----- Dataset excerpts

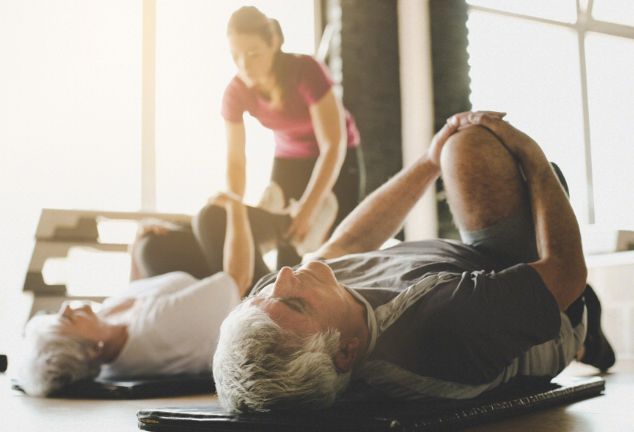 哪些运动可以帮助老年人保护关节？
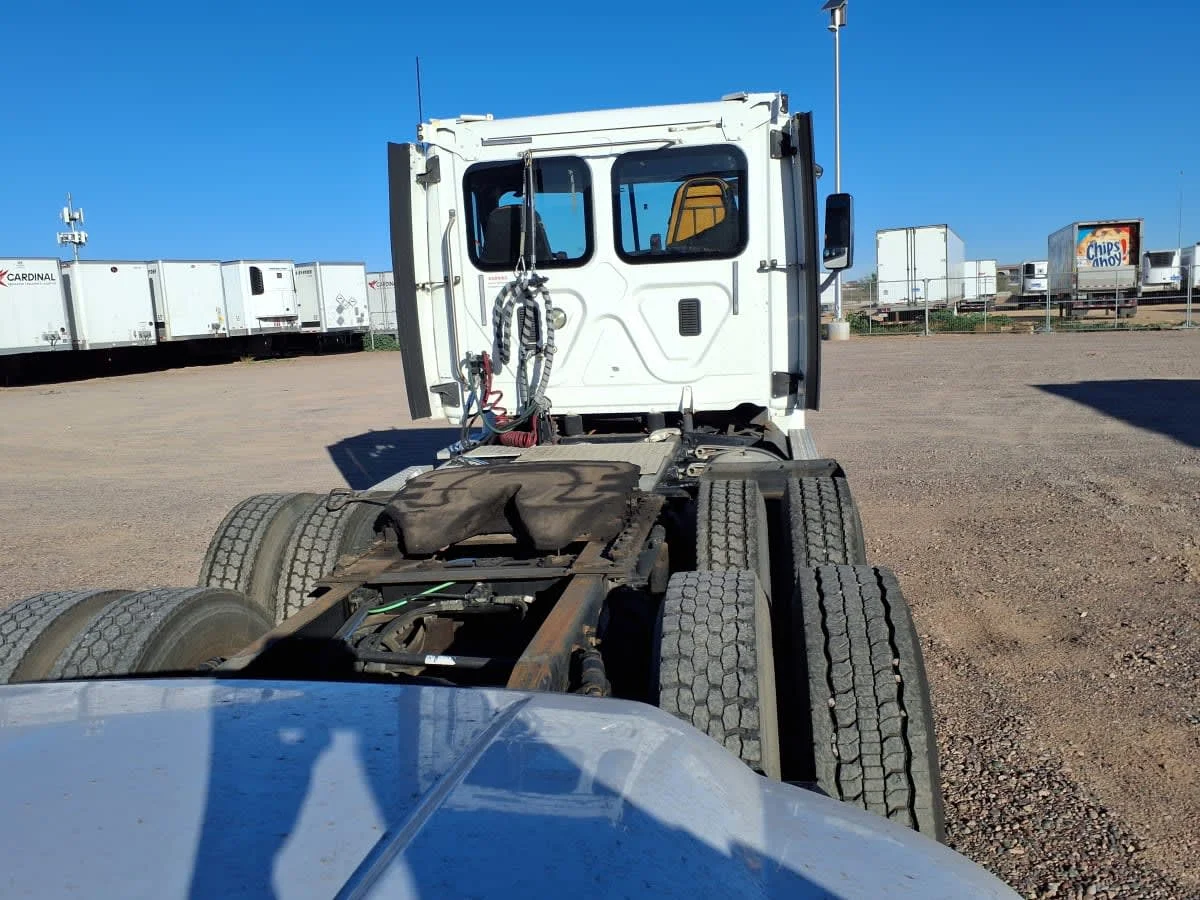 2015 Freightliner Cascadia - image 5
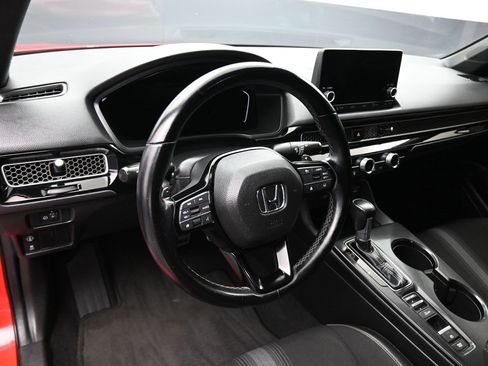 Used 2022 Honda Civic Sport image 14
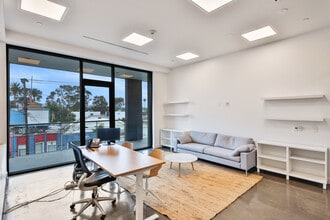 5242 W Adams Blvd, Los Angeles, CA for lease Interior Photo- Image 2 of 5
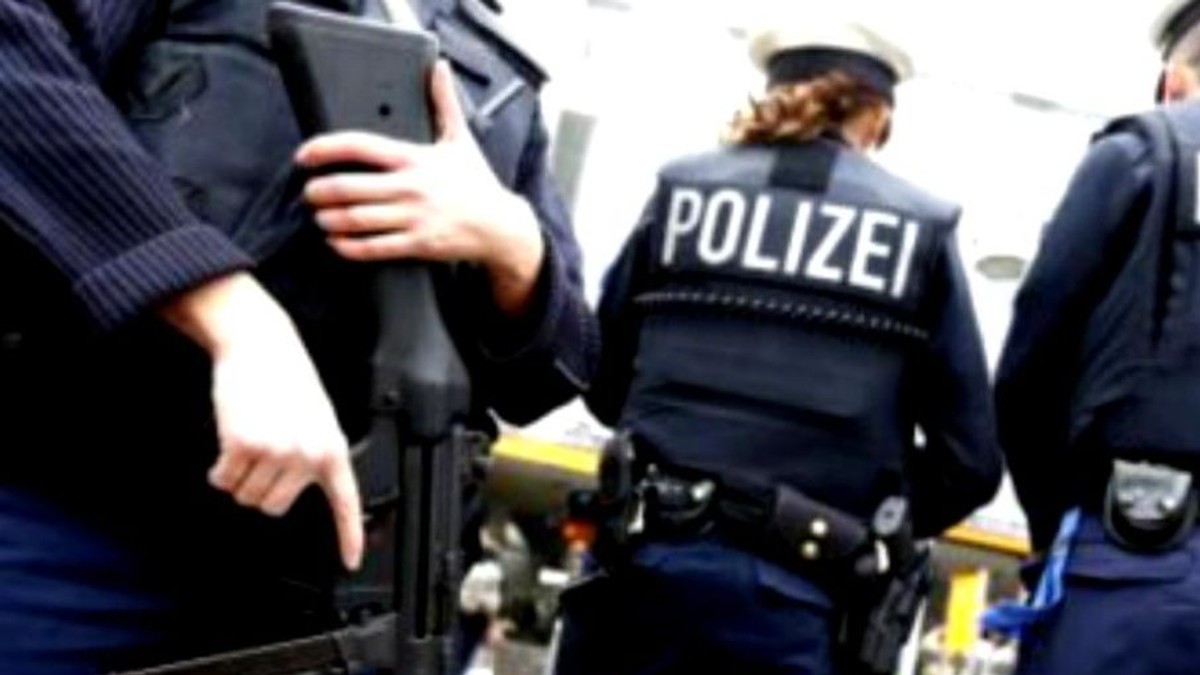 Doi oameni au fost împușcați la o sinagogă în Germania. Atacatorul este căutat de poliție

----------

§ Activity: Please give every line above again word for word, apart from the pictures.

§ Output:
 哪些运动可以帮助老年人保护关节？
 2015 Freightliner Cascadia - image 5
 Used 2022 Honda Civic Sport image 14
 5242 W Adams Blvd, Los Angeles, CA for lease Interior Photo- Image 2 of 5
 Doi oameni au fost împușcați la o sinagogă în Germania. Atacatorul este căutat de poliție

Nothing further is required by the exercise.